Each line holding the word "Camping" must appear in the answer, copied from the entries.

· · · · ·

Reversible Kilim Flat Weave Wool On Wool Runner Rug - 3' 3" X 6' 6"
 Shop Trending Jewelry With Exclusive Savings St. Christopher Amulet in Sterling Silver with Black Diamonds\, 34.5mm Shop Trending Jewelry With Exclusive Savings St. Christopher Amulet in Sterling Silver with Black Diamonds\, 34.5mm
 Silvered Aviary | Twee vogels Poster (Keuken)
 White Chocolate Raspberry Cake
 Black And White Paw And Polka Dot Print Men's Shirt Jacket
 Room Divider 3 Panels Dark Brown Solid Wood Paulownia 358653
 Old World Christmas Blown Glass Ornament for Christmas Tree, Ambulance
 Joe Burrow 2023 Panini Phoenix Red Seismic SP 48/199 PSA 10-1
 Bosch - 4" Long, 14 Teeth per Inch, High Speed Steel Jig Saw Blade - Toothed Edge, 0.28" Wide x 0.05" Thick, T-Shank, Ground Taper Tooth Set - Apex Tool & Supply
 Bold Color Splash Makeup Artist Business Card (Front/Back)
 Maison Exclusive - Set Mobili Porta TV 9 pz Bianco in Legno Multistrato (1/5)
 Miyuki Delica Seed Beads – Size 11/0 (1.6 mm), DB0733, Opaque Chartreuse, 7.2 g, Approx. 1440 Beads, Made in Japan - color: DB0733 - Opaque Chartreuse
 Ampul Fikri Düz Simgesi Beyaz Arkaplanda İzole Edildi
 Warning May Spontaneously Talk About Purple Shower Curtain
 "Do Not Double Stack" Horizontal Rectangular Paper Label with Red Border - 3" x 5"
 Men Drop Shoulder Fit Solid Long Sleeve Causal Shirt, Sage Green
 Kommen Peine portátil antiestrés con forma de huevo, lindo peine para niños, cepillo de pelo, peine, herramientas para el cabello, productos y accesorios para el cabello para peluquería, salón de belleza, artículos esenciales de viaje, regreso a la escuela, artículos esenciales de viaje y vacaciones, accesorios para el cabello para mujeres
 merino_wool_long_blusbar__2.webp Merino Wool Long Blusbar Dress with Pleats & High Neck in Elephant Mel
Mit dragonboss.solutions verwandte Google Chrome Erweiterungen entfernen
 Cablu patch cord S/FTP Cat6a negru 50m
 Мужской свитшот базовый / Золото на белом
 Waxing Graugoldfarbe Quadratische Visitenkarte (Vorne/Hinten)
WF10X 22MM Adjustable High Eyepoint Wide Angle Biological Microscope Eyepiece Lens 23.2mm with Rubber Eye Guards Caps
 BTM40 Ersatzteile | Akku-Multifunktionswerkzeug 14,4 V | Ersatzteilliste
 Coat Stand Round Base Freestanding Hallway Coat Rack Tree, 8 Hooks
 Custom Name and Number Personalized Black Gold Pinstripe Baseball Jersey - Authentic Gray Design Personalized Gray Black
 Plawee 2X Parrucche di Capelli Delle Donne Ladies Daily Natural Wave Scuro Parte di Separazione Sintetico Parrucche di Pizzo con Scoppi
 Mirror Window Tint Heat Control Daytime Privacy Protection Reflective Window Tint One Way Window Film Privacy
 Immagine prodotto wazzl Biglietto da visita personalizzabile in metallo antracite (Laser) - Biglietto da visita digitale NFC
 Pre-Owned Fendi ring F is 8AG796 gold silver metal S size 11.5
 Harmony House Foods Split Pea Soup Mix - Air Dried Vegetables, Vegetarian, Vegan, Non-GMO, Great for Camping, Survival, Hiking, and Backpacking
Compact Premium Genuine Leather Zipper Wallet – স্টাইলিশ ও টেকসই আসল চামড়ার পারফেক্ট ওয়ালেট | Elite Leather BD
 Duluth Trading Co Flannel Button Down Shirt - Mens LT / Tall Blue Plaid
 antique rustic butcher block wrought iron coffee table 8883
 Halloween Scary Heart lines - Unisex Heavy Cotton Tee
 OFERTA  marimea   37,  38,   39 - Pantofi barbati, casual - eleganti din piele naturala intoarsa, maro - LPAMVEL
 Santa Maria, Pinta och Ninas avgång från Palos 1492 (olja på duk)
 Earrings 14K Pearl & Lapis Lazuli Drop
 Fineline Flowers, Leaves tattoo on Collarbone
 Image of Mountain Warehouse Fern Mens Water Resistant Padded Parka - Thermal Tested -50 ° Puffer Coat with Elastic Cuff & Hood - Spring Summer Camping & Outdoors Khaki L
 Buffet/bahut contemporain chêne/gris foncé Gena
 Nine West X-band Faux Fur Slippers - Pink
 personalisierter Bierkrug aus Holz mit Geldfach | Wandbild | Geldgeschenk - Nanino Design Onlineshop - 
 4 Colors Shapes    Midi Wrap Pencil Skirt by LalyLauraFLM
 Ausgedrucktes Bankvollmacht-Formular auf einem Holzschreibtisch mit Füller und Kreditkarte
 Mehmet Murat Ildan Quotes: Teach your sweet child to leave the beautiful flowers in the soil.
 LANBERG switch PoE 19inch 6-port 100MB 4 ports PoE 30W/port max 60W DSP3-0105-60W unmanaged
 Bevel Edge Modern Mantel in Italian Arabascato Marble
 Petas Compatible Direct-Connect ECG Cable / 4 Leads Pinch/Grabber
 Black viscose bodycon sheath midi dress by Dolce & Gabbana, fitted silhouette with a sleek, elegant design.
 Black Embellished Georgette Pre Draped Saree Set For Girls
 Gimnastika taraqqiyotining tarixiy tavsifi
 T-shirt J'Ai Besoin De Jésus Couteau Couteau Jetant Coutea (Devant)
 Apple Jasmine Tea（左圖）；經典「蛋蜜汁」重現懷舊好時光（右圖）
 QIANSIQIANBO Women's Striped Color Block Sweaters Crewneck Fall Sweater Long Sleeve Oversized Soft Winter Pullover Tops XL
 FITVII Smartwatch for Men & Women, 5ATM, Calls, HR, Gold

· · · · ·

■ **SOLUTION**:
 Harmony House Foods Split Pea Soup Mix - Air Dried Vegetables, Vegetarian, Vegan, Non-GMO, Great for Camping, Survival, Hiking, and Backpacking
 Image of Mountain Warehouse Fern Mens Water Resistant Padded Parka - Thermal Tested -50 ° Puffer Coat with Elastic Cuff & Hood - Spring Summer Camping & Outdoors Khaki L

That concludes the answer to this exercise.